Stored entries:
== == ==

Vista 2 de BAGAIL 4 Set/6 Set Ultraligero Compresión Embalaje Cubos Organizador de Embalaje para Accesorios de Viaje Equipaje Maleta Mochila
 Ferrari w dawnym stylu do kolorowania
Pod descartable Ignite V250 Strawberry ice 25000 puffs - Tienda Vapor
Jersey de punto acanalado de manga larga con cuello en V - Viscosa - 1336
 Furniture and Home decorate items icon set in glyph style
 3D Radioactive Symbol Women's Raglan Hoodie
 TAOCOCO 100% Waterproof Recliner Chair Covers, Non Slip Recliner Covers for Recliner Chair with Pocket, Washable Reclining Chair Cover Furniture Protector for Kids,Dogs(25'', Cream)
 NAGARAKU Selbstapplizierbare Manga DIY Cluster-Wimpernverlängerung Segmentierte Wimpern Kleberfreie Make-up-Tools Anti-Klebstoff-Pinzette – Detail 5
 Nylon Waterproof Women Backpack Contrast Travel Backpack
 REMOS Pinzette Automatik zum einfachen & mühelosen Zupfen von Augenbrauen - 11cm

== == ==

Work out how many lines of the preceding data contain the word "Waterproof". Reply with that number only.

▶ Task solution:
2